India operates 2,000 T-90s of different variants as well as the Buk, while Iran used a Tor to shoot down Ukrainian flight 752 in January 2020.
But it is the £50m fighter jet which was the cause of most excitement.
Justin Bronk, air power and technology expert at the RUSI think tank, said: “ Any potential opportunity to examine the radar components or electronic warfare pods on the downed SU-35 would be valuable as, even damaged, such components can confirm or undermine existing intelligence assessments about how they work.”

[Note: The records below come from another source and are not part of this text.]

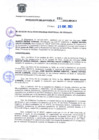 Vista preliminar de documento RA-0064-2023-MPCH-At394e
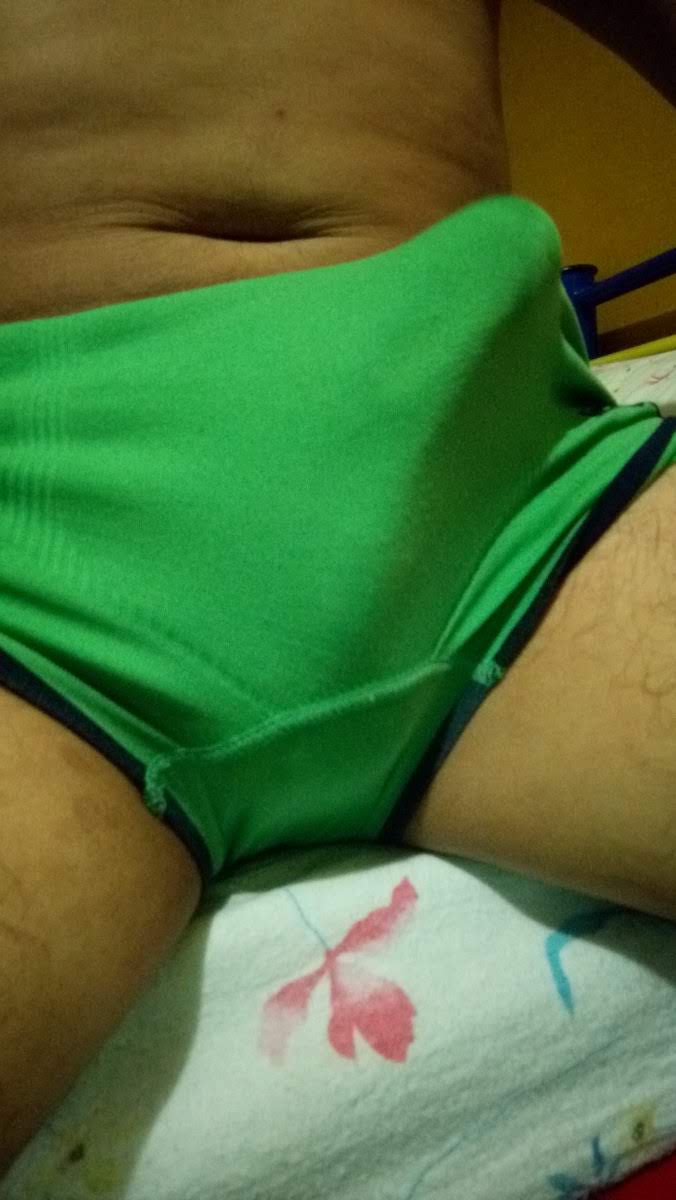Imdirtyboy69's tweet photo. Quien me invita para hacer y grabar contenido soy de México cdmx tengo 39 años. Md y wats abierto. https://t.co/eHvIxcQ2BP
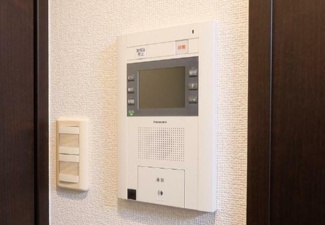 【セキュリティ】 | アルテシモ　レジェンダ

Prof Alessio Patalano of the Department of war Studies at King’s College, London, said:”While this war has been predominantly a land campaign which has focussed on the least advanced and modernised elements of Russia’s military, we need to remember that Russia still has capabilities that contain the technological edge of great interest to the West.
“The SU-35S isn’t a simple drone – it is a sophisticated and very advanced piece of machinery which took decades to develop. Once its tech is stolen, it isn’t easily fixable and you can be sure that, depending on what the UK and US discover, Russia will be worried.”

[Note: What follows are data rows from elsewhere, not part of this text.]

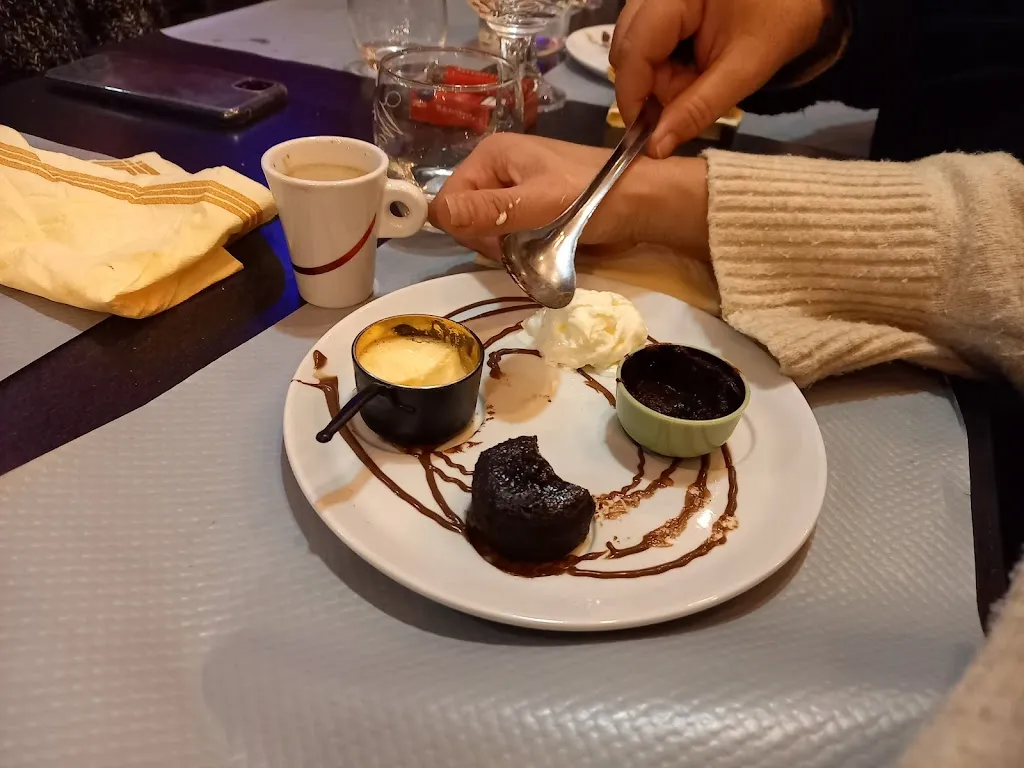 Menu_No Name / Le coffre_Foix_image_9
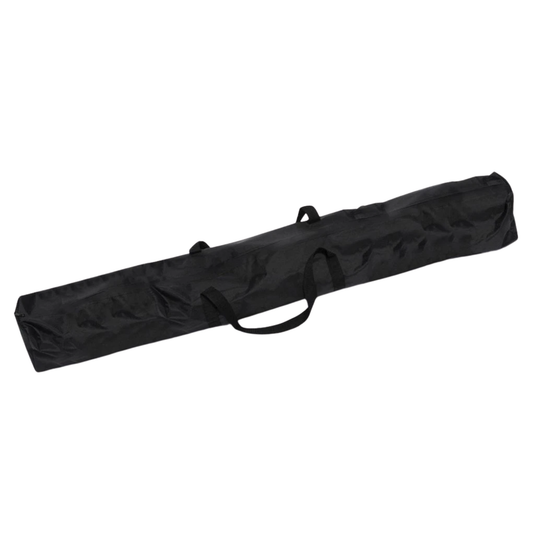Morgan Agility Pole Storage Bag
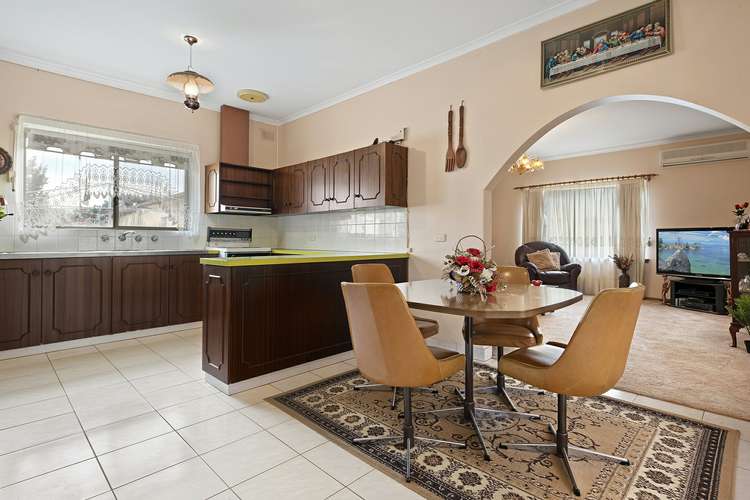 Third view of Homely house listing, 12 Loveday Road, Cobdogla SA 5346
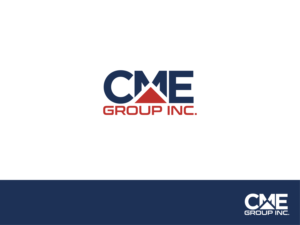 Diseño de Logo por Jet-D para Clayborn Consulting Engineers | Diseño: #25733070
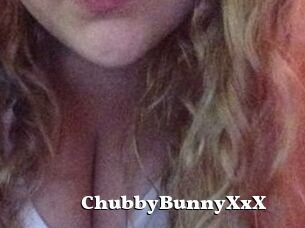 ChubbyBunnyXxX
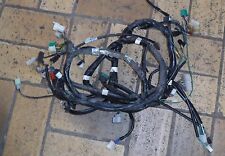 Kabelbaum Kymco Xciting 500 T7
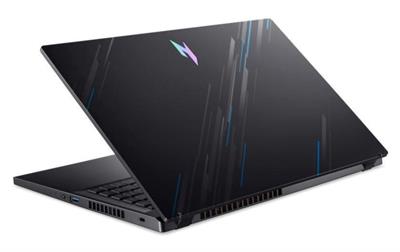 Acer Nitro V15 ANV15-51-73Y1 Gaming Laptop – Intel Core i7 13th Gen, 16GB RAM, 512GB SSD, 15.6" FHD 144Hz IPS, NVIDIA RTX 4060 8GB, Win11 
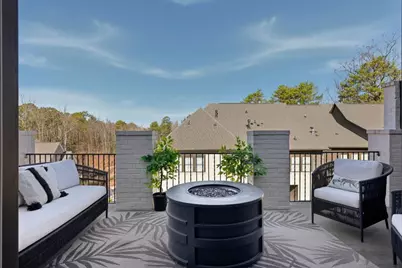 6435 Lucent Lane, Atlanta, GA 30328 - Photo 33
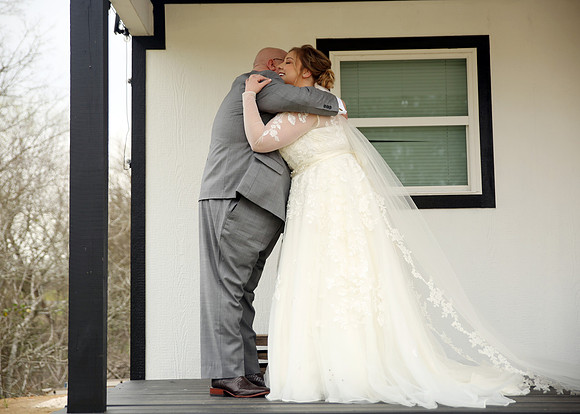 Pre Ceremony (109)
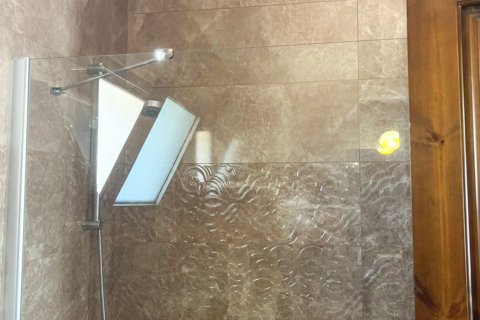 Villa  in Girne,  Nr. 211194 - 21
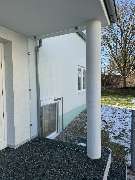 Glas Deuschl - IMG_9413.JPEG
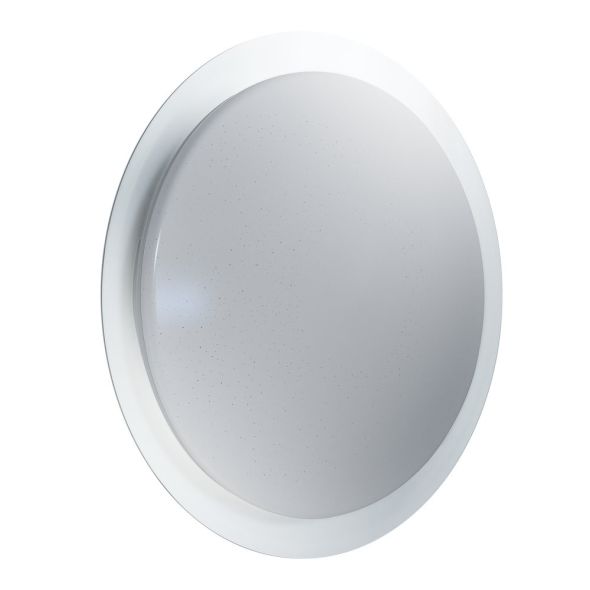 LED-Deckenleuchte ORBIS #4058075633179 LED-Deckenleuchte ORBIS #4058075633179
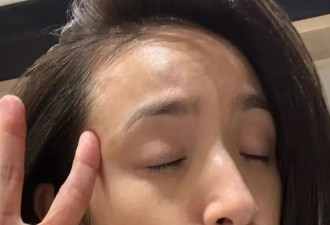 Melody和林依晨，怎么不会老啊？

And that concern will be felt beyond Moscow, he said
“Examining this system won’t just allow Nato to understand Russian capabilities. China has been worried since the beginning of operations in Ukraine precisely because this could happen,’ he added.

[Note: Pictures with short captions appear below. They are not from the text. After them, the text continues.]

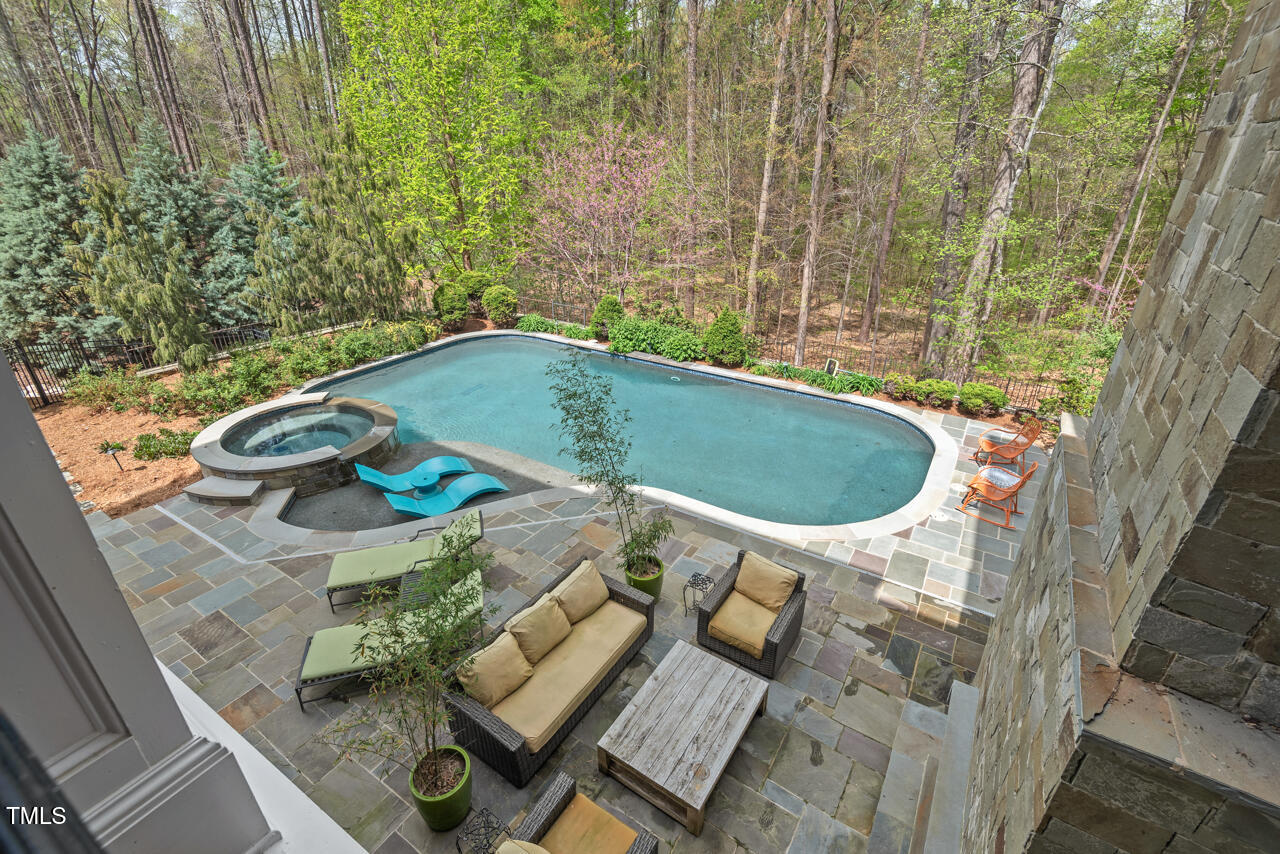 417 Westbury Drive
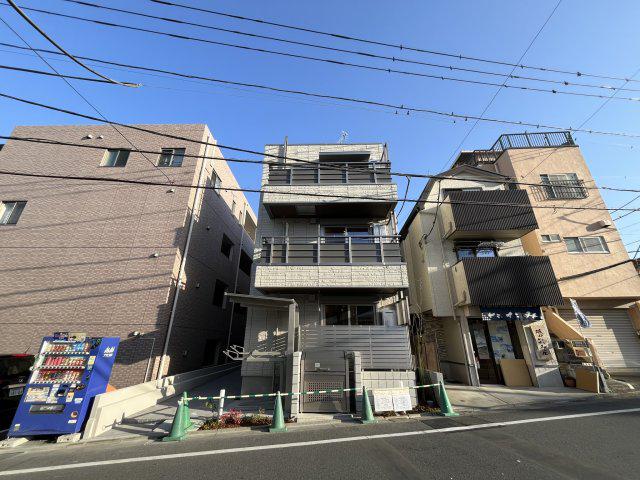 セルディーナ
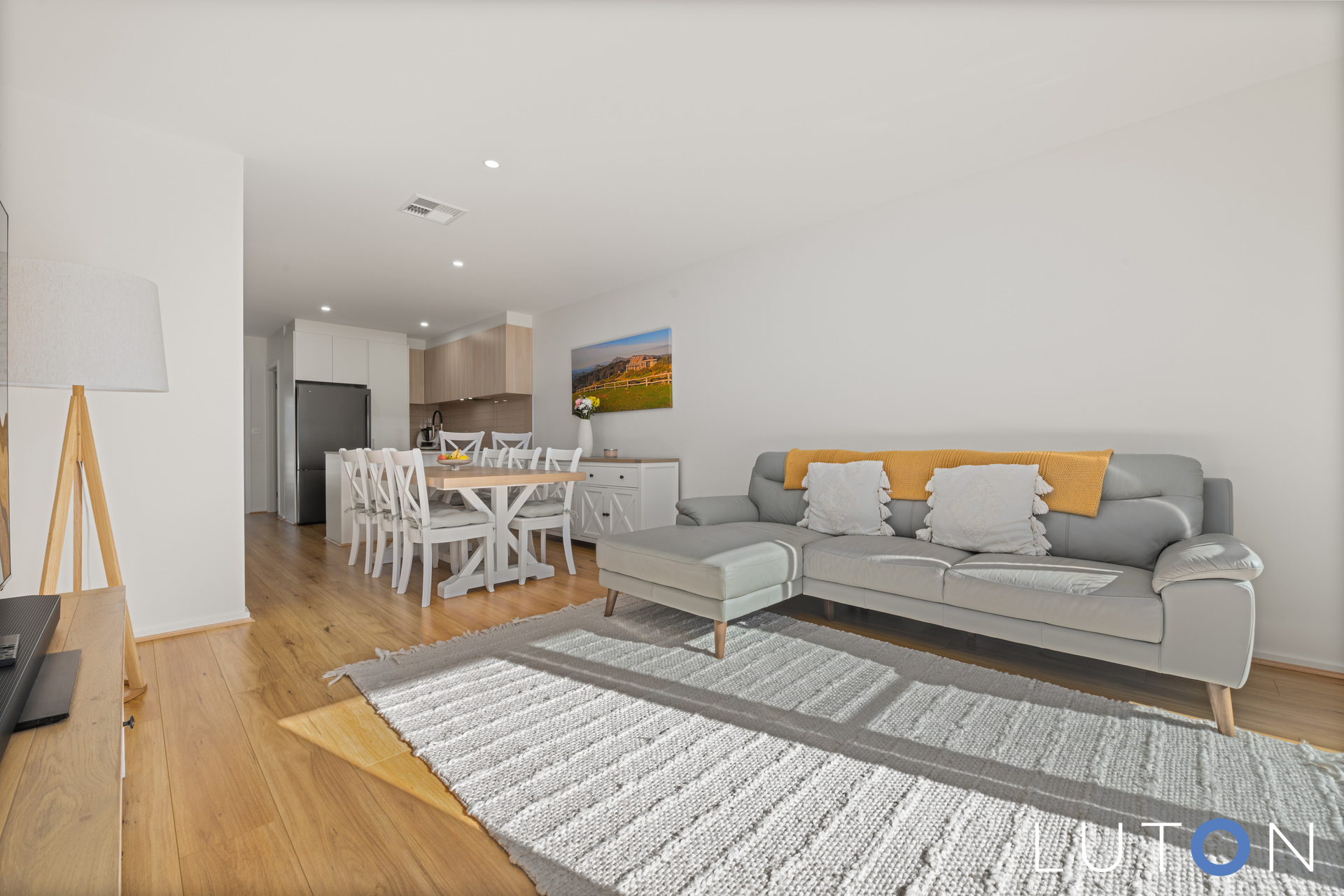 6 Ancher Street, Taylor ACT 2913 Luton Properties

“Because China reverse engineers everything Russian sells it, it is likely to have included elements from the SU-35 in its other, indigenous, J-Class fighters such as its superior Chengdu J-20.
“The West doesn’t have much insight into Chinese technology so, in terms of command and control and long range capabilities, this is a unique opportunity which could, potentially, make a huge difference.
“If you know the frequency a system operates on, for instance, you can disrupt it.”